September Jobs Report Exceeds Expectations with 119,000 New Jobs

September Jobs Report Exceeds Expectations with 119,000 New Jobs

2025-11-21 economy

Washington, D.C., Friday, 21 November 2025.
The September jobs report, delayed due to a government shutdown, reveals 119,000 new jobs, far surpassing forecasts of 50,000. Unemployment rose slightly to 4.4%, the highest since 2021.

Delayed Report and Its Immediate Impact

The release of the September jobs report on November 20, 2025, was delayed due to a prolonged government shutdown, which spanned nearly a month and a half.
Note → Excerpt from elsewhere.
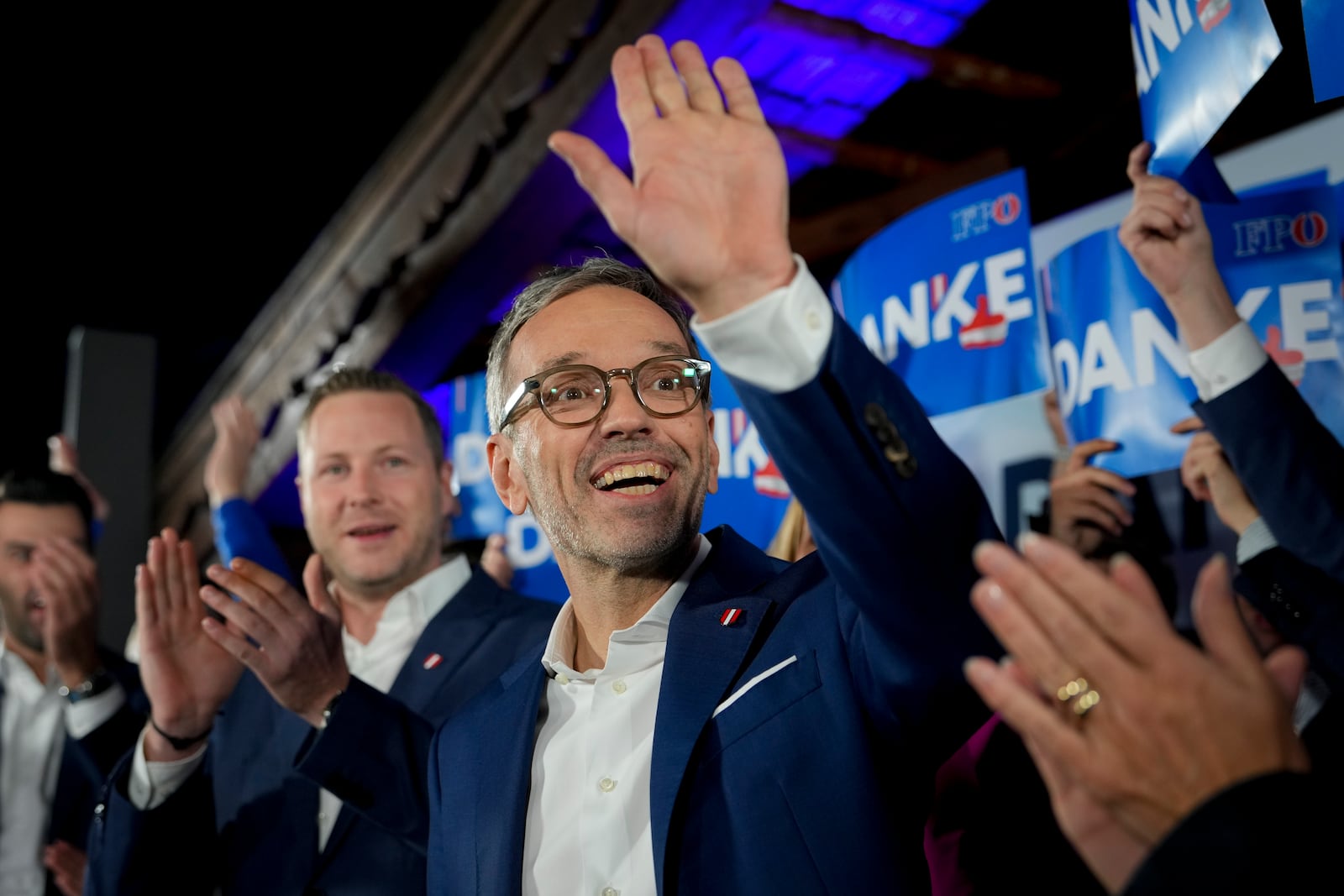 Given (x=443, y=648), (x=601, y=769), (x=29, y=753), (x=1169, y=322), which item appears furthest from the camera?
(x=29, y=753)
This delay resulted in the postponement of critical economic data, including the October jobs report, which will now be combined with November’s figures for a December release [9]. Despite the delay, the report’s insights into job gains and unemployment rates are pivotal for understanding the current economic climate [2][4].
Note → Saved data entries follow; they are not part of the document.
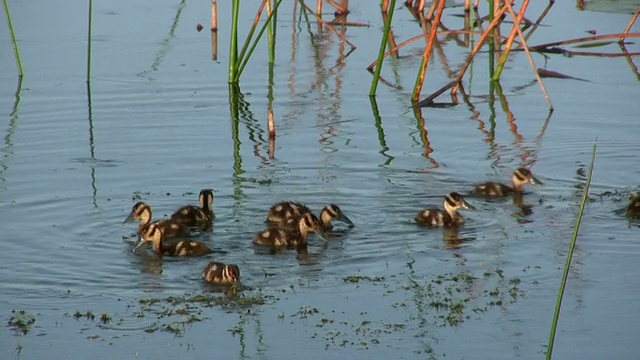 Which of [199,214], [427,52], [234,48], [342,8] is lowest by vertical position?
[199,214]

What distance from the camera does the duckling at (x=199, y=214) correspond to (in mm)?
8242

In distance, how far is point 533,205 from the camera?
8.84m

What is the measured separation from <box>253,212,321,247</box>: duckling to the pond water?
15 cm

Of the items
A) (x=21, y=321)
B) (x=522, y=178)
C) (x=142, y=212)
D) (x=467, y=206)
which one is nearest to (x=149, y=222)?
(x=142, y=212)

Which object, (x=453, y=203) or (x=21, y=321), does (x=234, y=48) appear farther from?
(x=21, y=321)

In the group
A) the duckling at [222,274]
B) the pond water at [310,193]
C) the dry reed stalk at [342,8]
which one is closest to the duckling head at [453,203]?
the pond water at [310,193]

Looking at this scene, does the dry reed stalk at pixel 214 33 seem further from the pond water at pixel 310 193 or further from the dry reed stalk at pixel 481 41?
the dry reed stalk at pixel 481 41

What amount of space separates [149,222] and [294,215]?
37.9 inches

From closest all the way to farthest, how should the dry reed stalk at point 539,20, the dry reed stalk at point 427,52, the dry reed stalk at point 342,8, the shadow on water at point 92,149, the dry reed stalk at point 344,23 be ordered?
the shadow on water at point 92,149 < the dry reed stalk at point 427,52 < the dry reed stalk at point 539,20 < the dry reed stalk at point 344,23 < the dry reed stalk at point 342,8

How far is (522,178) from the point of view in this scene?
9.02m

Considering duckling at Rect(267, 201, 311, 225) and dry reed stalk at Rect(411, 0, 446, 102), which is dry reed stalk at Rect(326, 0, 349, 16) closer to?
dry reed stalk at Rect(411, 0, 446, 102)

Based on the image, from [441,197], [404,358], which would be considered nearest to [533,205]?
[441,197]

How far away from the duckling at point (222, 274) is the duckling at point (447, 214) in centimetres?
171

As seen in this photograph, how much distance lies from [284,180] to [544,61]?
17.5 ft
In September, the U.S. economy added 119,000 new jobs, with significant contributions from the health care sector, which alone accounted for 43,000 jobs. The hospitality industry also showed resilience, adding 37,000 jobs, particularly in bars and restaurants [2][3]. However, sectors such as transportation and warehousing experienced declines, with a loss of 25,000 jobs. Meanwhile, the federal government shed 3,000 jobs, reflecting broader fiscal adjustments [2].

Wage Growth and Unemployment Dynamics

Average hourly earnings rose by 0.2% in September, contributing to a year-over-year increase of 3.8%. Despite the job gains, the unemployment rate inched up to 4.4%, the highest since October 2021. This increase is attributed to a rise in the labor force participation rate, which reached 62.4%, reflecting more individuals actively seeking employment [2][3].
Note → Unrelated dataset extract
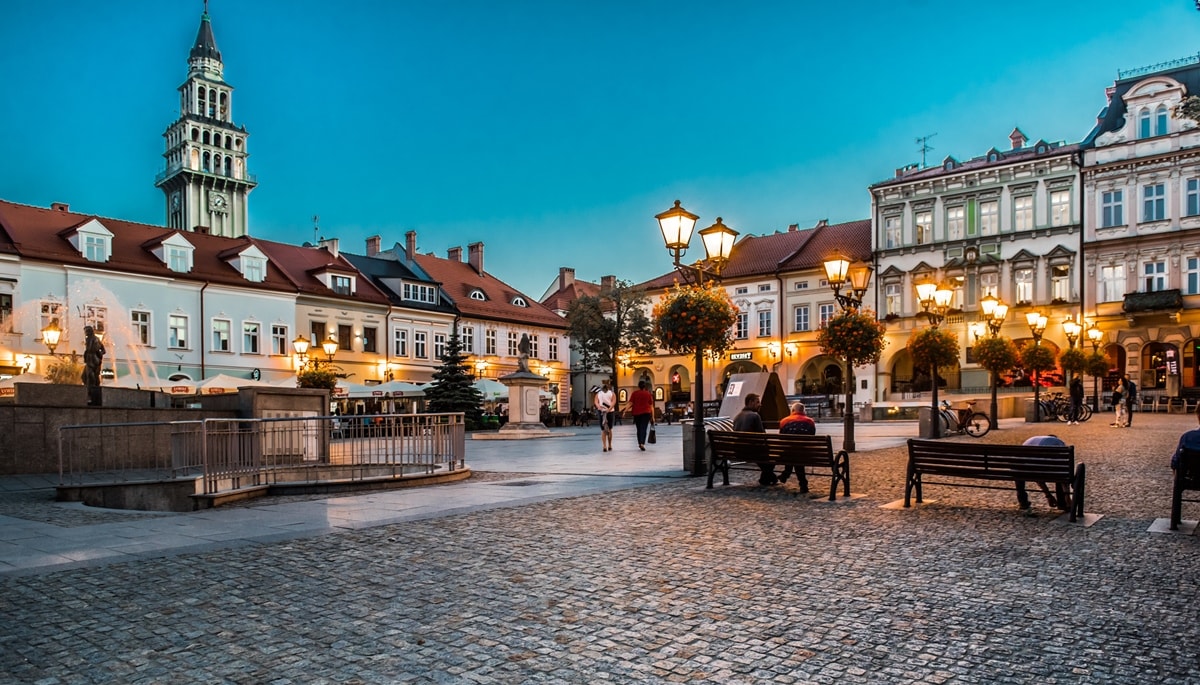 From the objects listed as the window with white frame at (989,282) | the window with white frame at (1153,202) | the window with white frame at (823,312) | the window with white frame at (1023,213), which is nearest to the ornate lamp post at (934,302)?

Economic Implications and Future Projections

The unexpected job gains in September have implications for future economic policies, particularly concerning the Federal Reserve’s interest rate decisions. The Federal Reserve is scheduled to meet in December 2025 to discuss these economic indicators and their potential impact on interest rates. The current data suggest that the likelihood of a rate cut has diminished, as the labor market shows signs of resilience despite previous concerns [3][5].